**Problem**
Your task is to copy the lines of the data below from the line holding "Apartments Domovik Просторная" through the line holding "[푸딩팩토리] 로제누들떡볶이 500g", inclusive, exactly and with nothing added.

++++ Source data

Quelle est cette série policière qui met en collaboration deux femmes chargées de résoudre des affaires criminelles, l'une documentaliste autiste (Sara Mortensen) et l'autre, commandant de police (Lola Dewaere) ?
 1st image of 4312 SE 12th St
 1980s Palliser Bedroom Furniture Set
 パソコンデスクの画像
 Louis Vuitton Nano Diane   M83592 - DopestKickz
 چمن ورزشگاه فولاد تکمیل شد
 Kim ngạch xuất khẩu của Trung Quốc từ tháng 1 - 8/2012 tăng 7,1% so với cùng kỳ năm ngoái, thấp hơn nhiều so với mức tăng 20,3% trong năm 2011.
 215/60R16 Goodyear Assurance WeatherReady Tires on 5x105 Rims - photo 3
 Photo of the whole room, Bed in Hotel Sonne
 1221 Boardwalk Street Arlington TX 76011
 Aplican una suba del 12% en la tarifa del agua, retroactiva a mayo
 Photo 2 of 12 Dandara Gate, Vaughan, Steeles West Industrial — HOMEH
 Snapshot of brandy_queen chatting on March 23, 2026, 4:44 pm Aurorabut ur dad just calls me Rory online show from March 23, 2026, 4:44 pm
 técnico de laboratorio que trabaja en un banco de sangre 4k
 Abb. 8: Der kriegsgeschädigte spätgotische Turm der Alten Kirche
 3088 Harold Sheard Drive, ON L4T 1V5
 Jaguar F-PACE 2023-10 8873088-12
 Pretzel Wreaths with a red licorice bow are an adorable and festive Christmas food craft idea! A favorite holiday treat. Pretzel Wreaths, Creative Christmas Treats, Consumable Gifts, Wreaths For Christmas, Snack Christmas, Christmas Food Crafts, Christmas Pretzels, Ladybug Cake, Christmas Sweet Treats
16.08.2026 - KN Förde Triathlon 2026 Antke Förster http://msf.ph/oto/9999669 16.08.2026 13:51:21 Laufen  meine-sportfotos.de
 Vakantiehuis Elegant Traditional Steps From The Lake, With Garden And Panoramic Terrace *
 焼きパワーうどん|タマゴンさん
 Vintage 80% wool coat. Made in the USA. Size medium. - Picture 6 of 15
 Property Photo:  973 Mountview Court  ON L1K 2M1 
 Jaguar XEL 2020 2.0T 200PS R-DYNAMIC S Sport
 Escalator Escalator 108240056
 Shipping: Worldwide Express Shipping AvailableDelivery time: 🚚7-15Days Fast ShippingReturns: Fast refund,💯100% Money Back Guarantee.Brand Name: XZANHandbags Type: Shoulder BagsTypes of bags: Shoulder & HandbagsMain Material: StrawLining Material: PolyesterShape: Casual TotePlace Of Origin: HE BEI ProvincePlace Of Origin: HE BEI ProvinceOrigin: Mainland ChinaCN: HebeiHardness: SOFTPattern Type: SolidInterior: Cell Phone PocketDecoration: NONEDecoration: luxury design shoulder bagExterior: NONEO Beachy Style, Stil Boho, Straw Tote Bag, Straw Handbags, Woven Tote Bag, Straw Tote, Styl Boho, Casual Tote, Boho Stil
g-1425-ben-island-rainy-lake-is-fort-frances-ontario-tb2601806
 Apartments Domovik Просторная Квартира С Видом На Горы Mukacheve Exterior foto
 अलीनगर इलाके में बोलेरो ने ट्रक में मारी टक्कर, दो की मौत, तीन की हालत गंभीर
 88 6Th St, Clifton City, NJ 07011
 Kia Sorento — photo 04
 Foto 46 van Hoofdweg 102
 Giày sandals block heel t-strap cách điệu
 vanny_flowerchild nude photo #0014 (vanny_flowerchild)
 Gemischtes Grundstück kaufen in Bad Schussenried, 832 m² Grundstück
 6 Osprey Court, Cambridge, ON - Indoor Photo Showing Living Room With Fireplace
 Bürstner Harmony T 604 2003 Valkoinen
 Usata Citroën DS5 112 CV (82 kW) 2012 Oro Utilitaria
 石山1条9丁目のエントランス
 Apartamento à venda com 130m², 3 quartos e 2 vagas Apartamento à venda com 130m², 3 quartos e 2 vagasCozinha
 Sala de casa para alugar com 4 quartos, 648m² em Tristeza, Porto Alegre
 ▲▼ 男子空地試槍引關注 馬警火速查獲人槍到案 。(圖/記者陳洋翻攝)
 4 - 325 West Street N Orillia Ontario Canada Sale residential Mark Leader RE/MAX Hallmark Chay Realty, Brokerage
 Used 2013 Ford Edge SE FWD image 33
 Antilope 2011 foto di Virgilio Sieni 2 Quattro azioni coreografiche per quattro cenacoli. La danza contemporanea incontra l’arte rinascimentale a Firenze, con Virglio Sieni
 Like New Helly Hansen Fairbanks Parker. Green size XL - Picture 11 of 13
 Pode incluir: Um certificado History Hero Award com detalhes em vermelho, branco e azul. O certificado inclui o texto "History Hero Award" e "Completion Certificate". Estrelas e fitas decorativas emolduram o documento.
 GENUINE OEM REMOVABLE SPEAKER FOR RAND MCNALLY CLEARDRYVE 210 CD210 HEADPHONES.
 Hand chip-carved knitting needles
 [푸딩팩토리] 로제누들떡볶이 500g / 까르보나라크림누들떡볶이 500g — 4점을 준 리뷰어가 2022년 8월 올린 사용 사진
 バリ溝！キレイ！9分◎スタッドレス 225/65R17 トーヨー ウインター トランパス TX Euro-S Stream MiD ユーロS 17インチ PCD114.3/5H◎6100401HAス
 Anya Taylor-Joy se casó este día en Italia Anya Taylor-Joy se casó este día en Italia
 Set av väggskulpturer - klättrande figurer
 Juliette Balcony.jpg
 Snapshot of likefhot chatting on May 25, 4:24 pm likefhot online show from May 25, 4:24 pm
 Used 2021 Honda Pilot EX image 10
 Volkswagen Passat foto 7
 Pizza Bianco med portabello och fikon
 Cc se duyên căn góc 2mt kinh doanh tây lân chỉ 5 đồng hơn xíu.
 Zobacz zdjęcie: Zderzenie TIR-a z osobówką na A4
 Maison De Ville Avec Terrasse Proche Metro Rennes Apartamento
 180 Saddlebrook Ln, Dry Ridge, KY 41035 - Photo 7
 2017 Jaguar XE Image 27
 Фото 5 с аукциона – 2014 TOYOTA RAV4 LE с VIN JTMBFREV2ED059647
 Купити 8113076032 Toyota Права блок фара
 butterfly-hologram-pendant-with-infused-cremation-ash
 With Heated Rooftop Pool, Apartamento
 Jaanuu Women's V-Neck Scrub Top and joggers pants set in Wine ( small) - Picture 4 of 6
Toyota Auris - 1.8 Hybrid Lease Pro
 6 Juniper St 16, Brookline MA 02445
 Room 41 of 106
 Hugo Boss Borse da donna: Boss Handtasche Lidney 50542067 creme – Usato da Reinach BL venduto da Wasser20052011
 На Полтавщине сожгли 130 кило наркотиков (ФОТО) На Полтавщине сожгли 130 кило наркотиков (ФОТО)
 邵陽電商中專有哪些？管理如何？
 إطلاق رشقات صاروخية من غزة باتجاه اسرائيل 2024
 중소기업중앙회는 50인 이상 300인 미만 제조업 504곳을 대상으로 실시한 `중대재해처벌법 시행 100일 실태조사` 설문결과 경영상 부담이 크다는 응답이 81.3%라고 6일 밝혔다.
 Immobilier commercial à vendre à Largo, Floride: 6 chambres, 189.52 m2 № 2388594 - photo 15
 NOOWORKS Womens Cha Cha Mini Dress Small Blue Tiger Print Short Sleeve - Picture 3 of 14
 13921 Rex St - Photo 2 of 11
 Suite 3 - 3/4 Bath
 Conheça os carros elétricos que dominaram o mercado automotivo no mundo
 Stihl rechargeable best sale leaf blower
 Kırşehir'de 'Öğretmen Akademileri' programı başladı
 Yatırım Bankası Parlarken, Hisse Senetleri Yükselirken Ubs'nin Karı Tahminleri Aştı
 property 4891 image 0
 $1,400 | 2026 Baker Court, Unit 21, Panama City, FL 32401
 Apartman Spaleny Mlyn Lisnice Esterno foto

++++++++

**Response**
 Apartments Domovik Просторная Квартира С Видом На Горы Mukacheve Exterior foto
 अलीनगर इलाके में बोलेरो ने ट्रक में मारी टक्कर, दो की मौत, तीन की हालत गंभीर
 88 6Th St, Clifton City, NJ 07011
 Kia Sorento — photo 04
 Foto 46 van Hoofdweg 102
 Giày sandals block heel t-strap cách điệu
 vanny_flowerchild nude photo #0014 (vanny_flowerchild)
 Gemischtes Grundstück kaufen in Bad Schussenried, 832 m² Grundstück
 6 Osprey Court, Cambridge, ON - Indoor Photo Showing Living Room With Fireplace
 Bürstner Harmony T 604 2003 Valkoinen
 Usata Citroën DS5 112 CV (82 kW) 2012 Oro Utilitaria
 石山1条9丁目のエントランス
 Apartamento à venda com 130m², 3 quartos e 2 vagas Apartamento à venda com 130m², 3 quartos e 2 vagasCozinha
 Sala de casa para alugar com 4 quartos, 648m² em Tristeza, Porto Alegre
 ▲▼ 男子空地試槍引關注 馬警火速查獲人槍到案 。(圖/記者陳洋翻攝)
 4 - 325 West Street N Orillia Ontario Canada Sale residential Mark Leader RE/MAX Hallmark Chay Realty, Brokerage
 Used 2013 Ford Edge SE FWD image 33
 Antilope 2011 foto di Virgilio Sieni 2 Quattro azioni coreografiche per quattro cenacoli. La danza contemporanea incontra l’arte rinascimentale a Firenze, con Virglio Sieni
 Like New Helly Hansen Fairbanks Parker. Green size XL - Picture 11 of 13
 Pode incluir: Um certificado History Hero Award com detalhes em vermelho, branco e azul. O certificado inclui o texto "History Hero Award" e "Completion Certificate". Estrelas e fitas decorativas emolduram o documento.
 GENUINE OEM REMOVABLE SPEAKER FOR RAND MCNALLY CLEARDRYVE 210 CD210 HEADPHONES.
 Hand chip-carved knitting needles
 [푸딩팩토리] 로제누들떡볶이 500g / 까르보나라크림누들떡볶이 500g — 4점을 준 리뷰어가 2022년 8월 올린 사용 사진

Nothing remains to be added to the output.